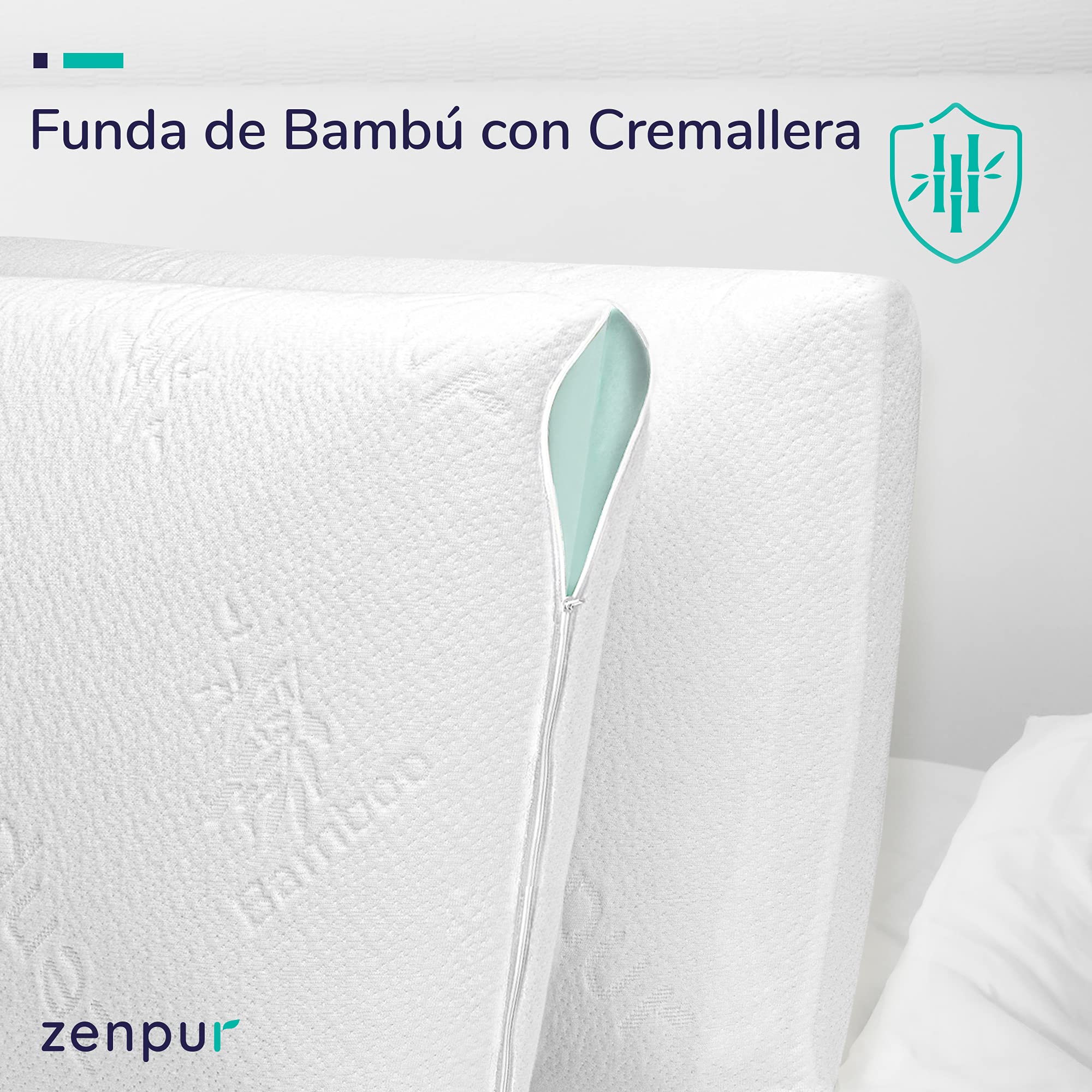 ZenPur Almohada Viscoelastica, Almohada Ortopédica con Funda de Bambú Fabricada en la EU, 2-Pack, Almohada Cervical Ideal para Dormir de Lado y para una Alineación Óptima de Cuello, Hombros y Columna
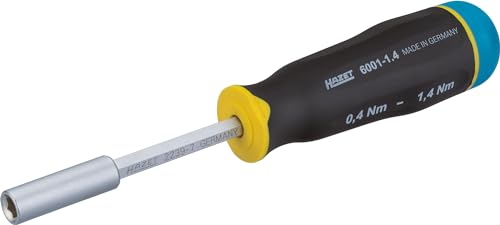 HAZET Drehmoment-Schraubendreher (0,4-1,4 Nm, inklusive 6,3 mm (1/4 Zoll)-Bit-Halter und Einstellwerkzeug) 6001-1.4/3 von Hazet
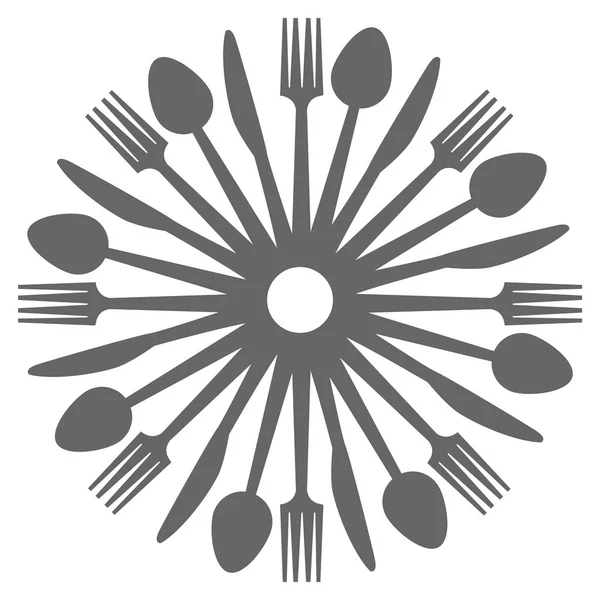 Cucchiaio forchetta Circolare Grigio — Foto Stock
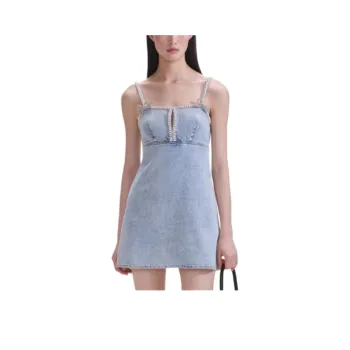 Self portrait Slip Dress Women's Light Denim Blue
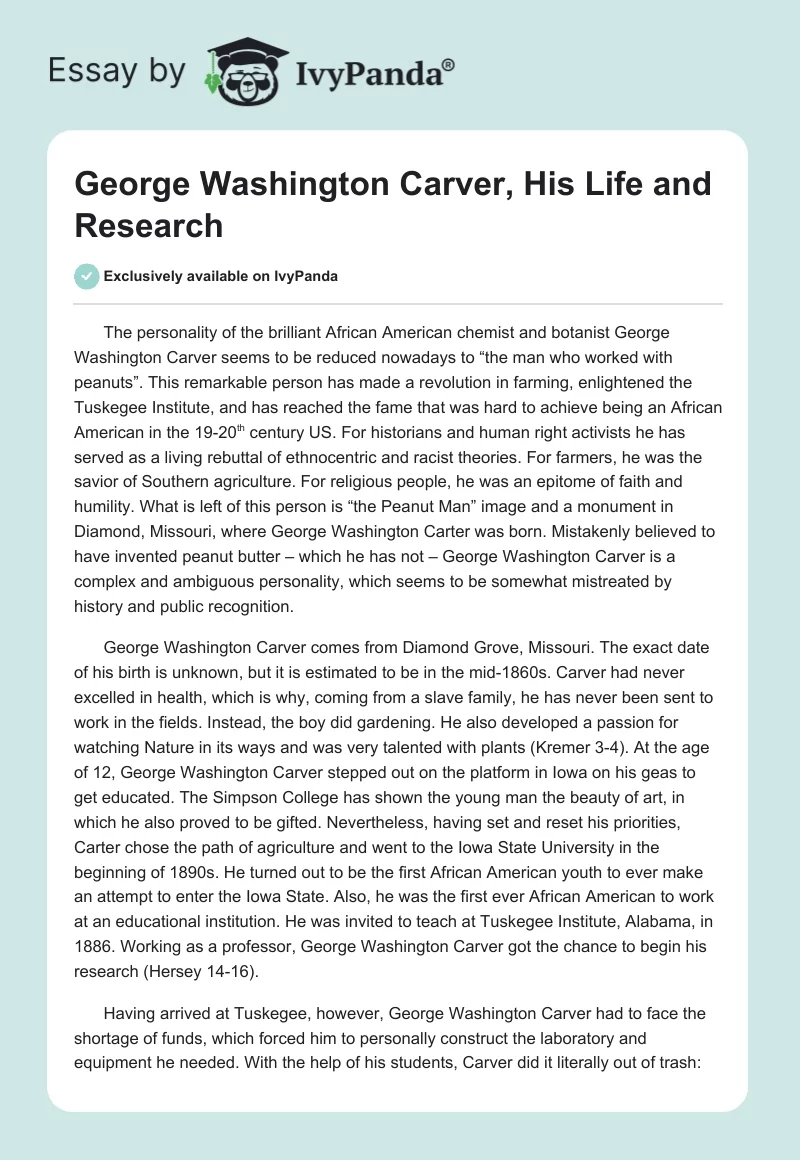 George Washington Carver, His Life and Research. Page 1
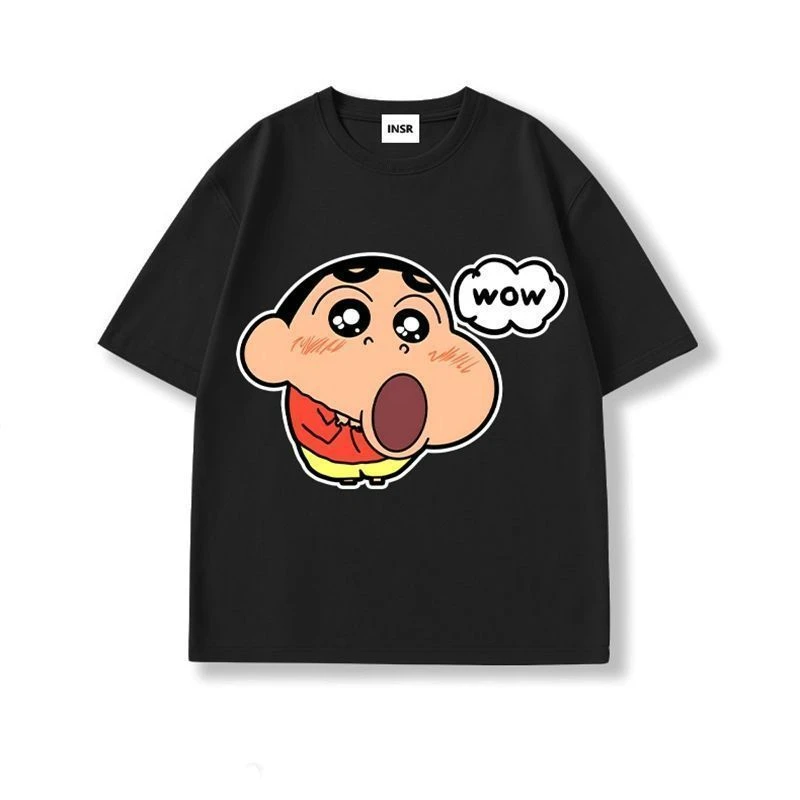 

MINISO Anime Crayon Shin-chan Summer Cartoon T-shirt Cotton Harajuku Tops for Men and Women Family Women Clothing Short Sleeves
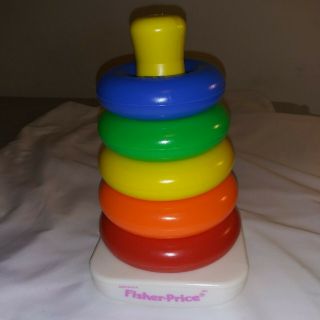 Vintage 1980s Fisher Price 627 Rock A Stack Stacking Ring Toy 6 Plastic Rings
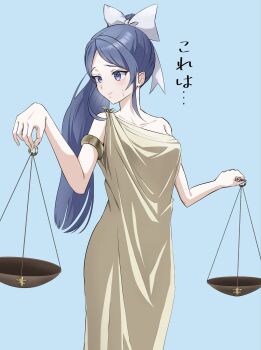 1girl armlet blue_background blue_eyes blue_hair bow brown_dress closed_mouth dress hair_bow high_ponytail highres hiumi_nanoka holding_scale jewelry long_hair ponytail shine_post solo sweatdrop t235711taiga translation_request white_bow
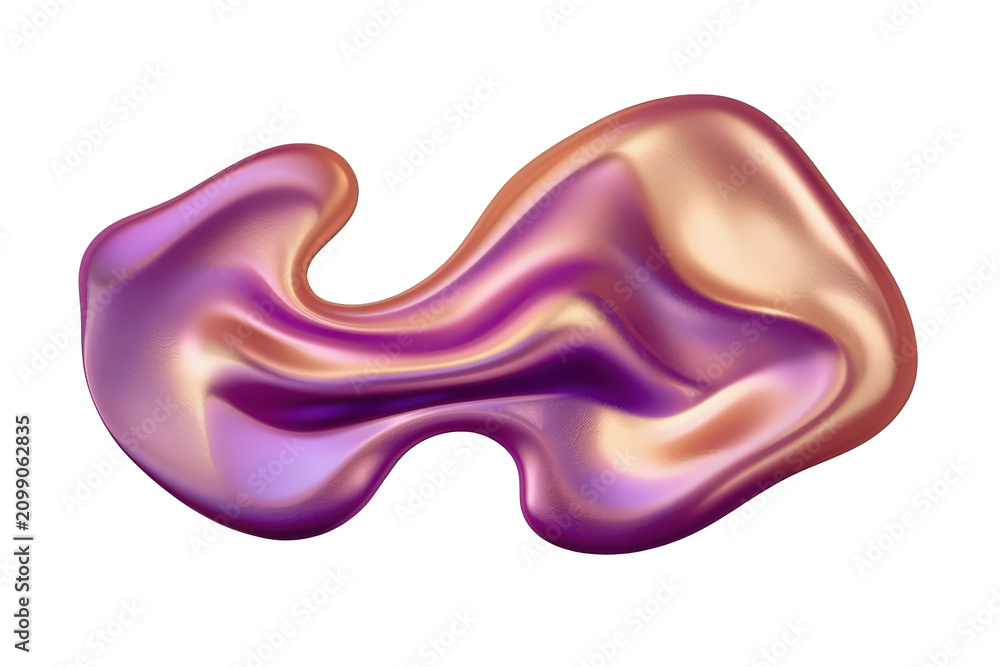Obraz premium Abstract wavy holographic iridescent metallic liquid shape with flowing vibrant colors creating an artistic fluid organic design
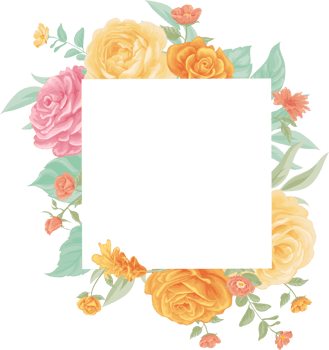 Rose Flower and botanical leaf digital painted png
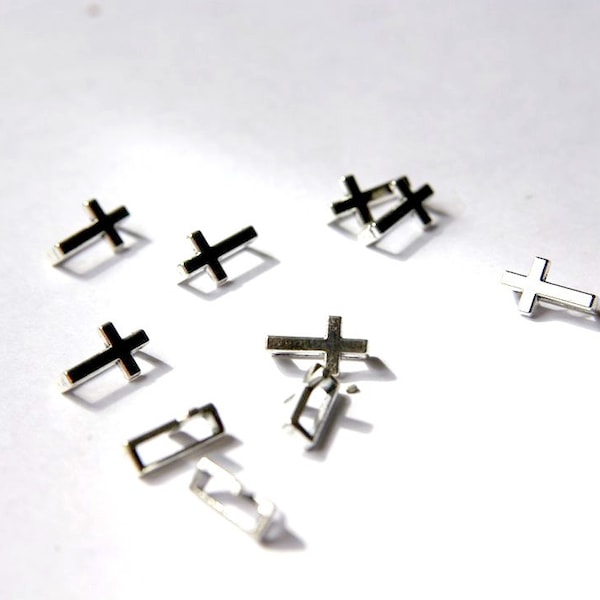 10/50 Pcs Slide Charms Cross diy jewelry making, Tibetan Style Alloy in Cadmium Free & Lead Free, Size 15.5x4x5mm, hole inner 11x2mm
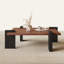 Table basse carrée en bois massif noyer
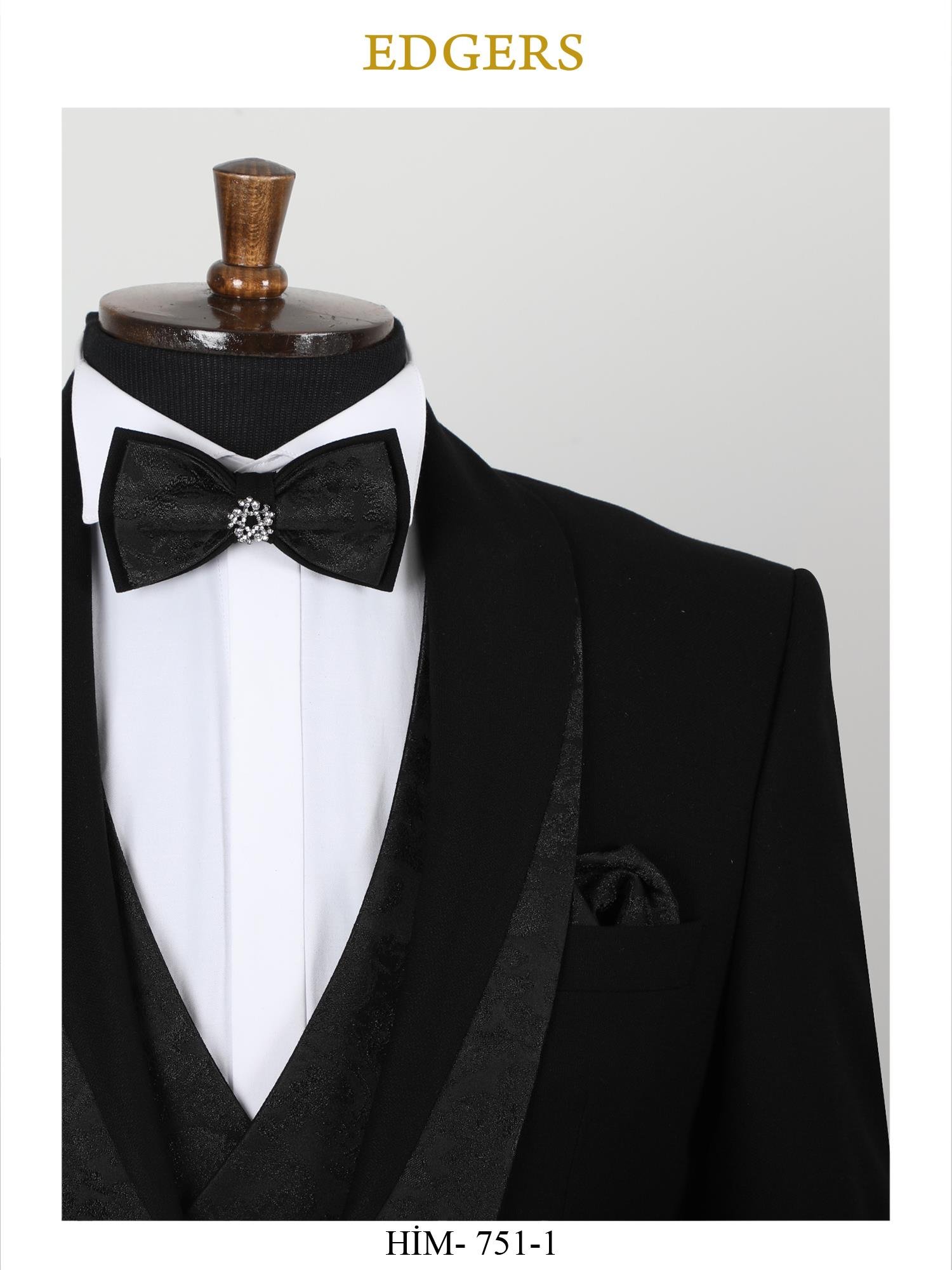Sparkly Jacquard Collar Black Tuxedo Wholesale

__________

#### WORK TO COMPLETE:
Quote exactly, and only, the lines from the line containing "Vintage 1980s Fisher" through the final line of the records above, both included, omitting any pictures.

#### TASK OUTPUT:
 Vintage 1980s Fisher Price 627 Rock A Stack Stacking Ring Toy 6 Plastic Rings
 1girl armlet blue_background blue_eyes blue_hair bow brown_dress closed_mouth dress hair_bow high_ponytail highres hiumi_nanoka holding_scale jewelry long_hair ponytail shine_post solo sweatdrop t235711taiga translation_request white_bow
Obraz premium Abstract wavy holographic iridescent metallic liquid shape with flowing vibrant colors creating an artistic fluid organic design
 Rose Flower and botanical leaf digital painted png
 10/50 Pcs Slide Charms Cross diy jewelry making, Tibetan Style Alloy in Cadmium Free & Lead Free, Size 15.5x4x5mm, hole inner 11x2mm
 Table basse carrée en bois massif noyer
Sparkly Jacquard Collar Black Tuxedo Wholesale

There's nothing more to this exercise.